I'd like the entries that follow repeated exactly, with the pictures left out.

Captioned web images
::::::
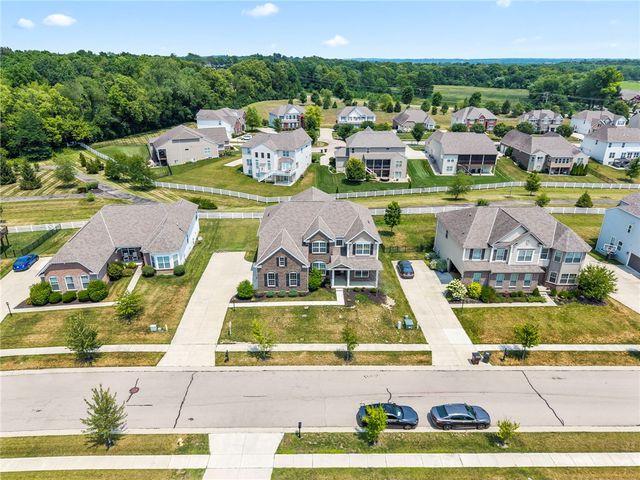 1142 Lancashire Drive, Beavercreek Twp, OH 45385
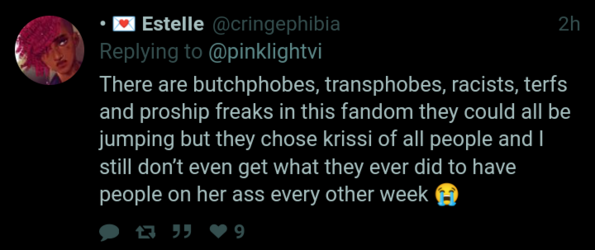 Screenshot_20240919-211417_(1).png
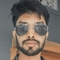 Groom Profile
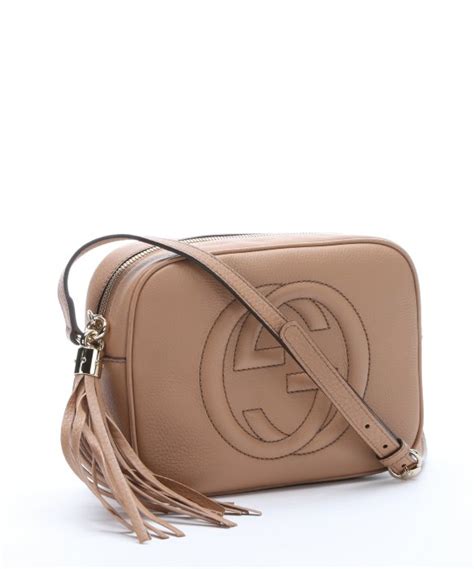 gucci flora brown thomas|Gucci .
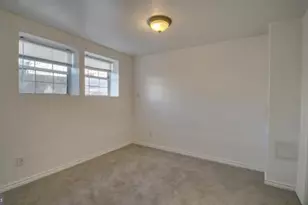 301 Knollwood Ct, Stafford, VA 22554 - Photo 13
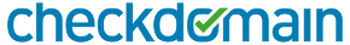 www.checkdomain.de/?utm_source=checkdomain&utm_medium=standby&utm_campaign=www.traveleel.com
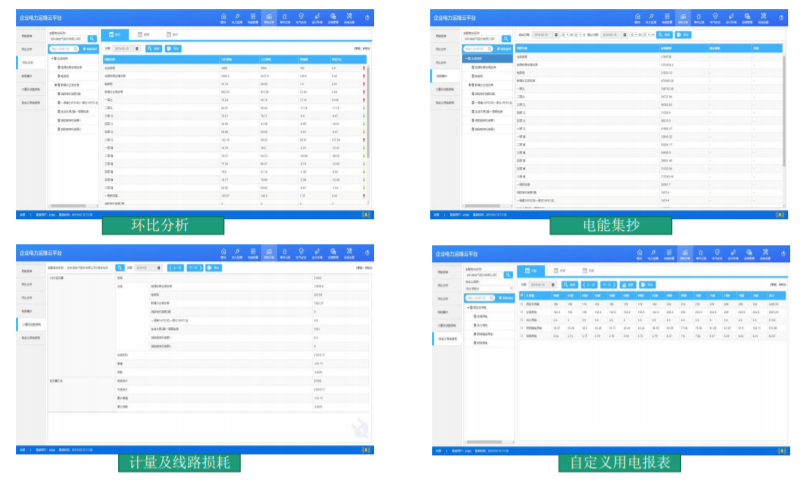 數智化配單系統-華東工控 數智化配單系統-華東工控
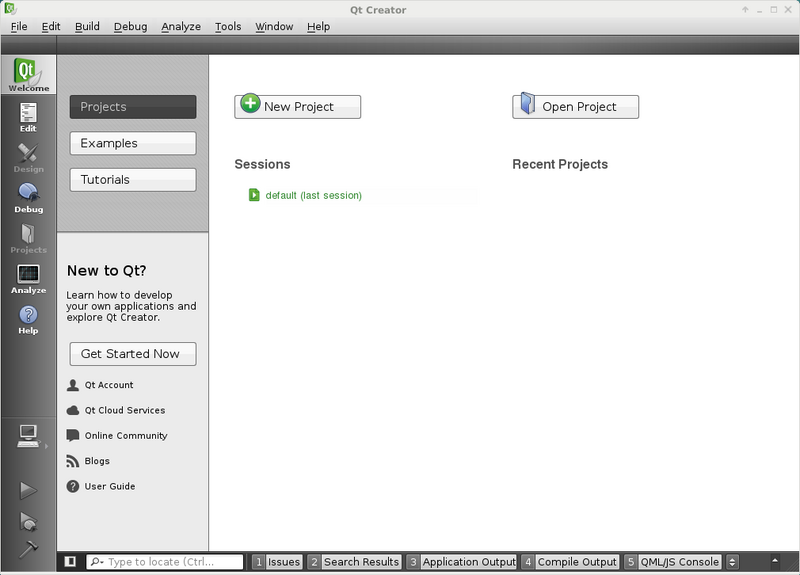 File:Qtnewproject.png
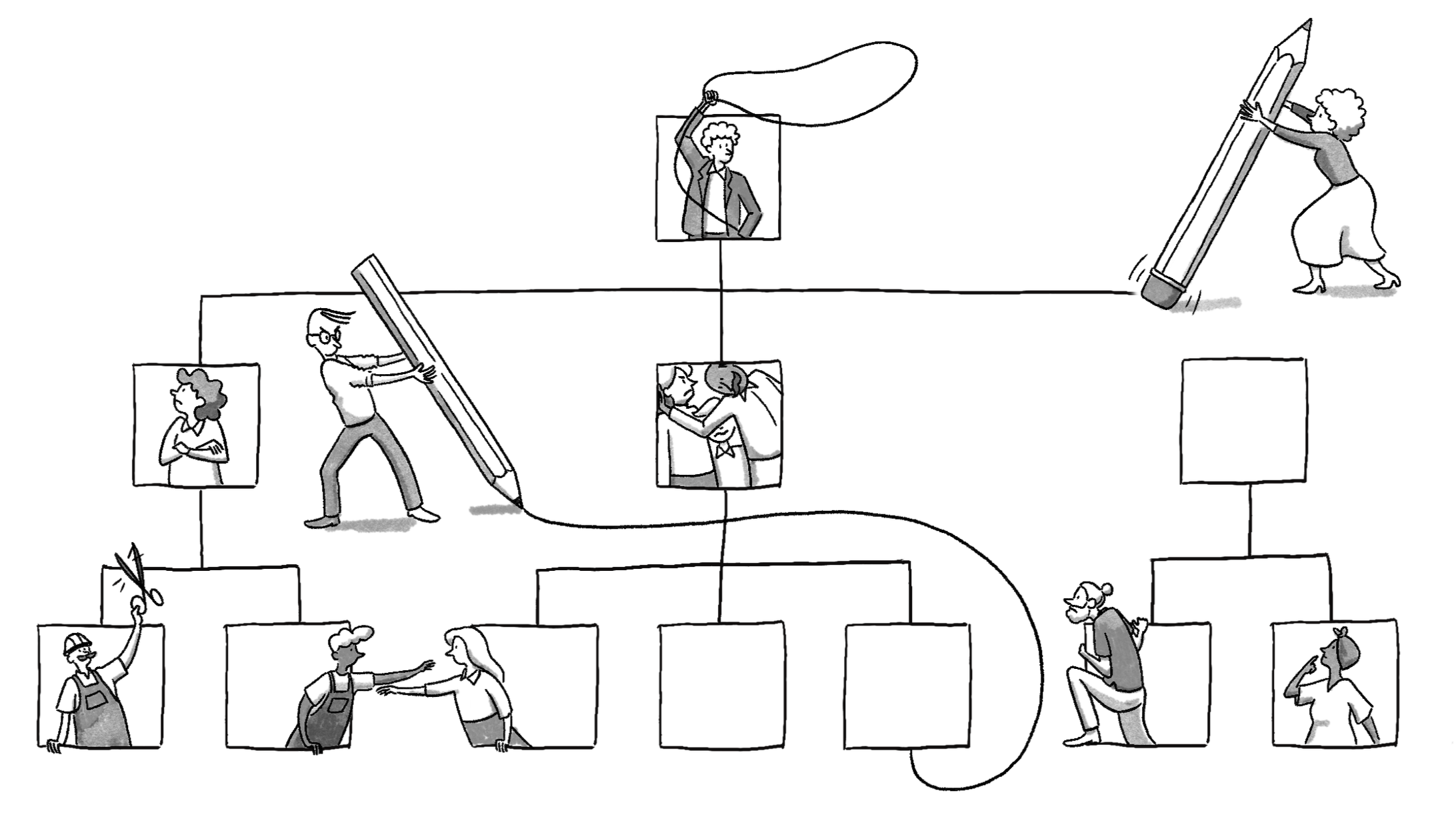 N6_H10_Organogram.png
::::::
◆ Final answer ◆
 1142 Lancashire Drive, Beavercreek Twp, OH 45385
 Screenshot_20240919-211417_(1).png
 Groom Profile
 gucci flora brown thomas|Gucci .
 301 Knollwood Ct, Stafford, VA 22554 - Photo 13
 www.checkdomain.de/?utm_source=checkdomain&utm_medium=standby&utm_campaign=www.traveleel.com
 數智化配單系統-華東工控 數智化配單系統-華東工控
 File:Qtnewproject.png
 N6_H10_Organogram.png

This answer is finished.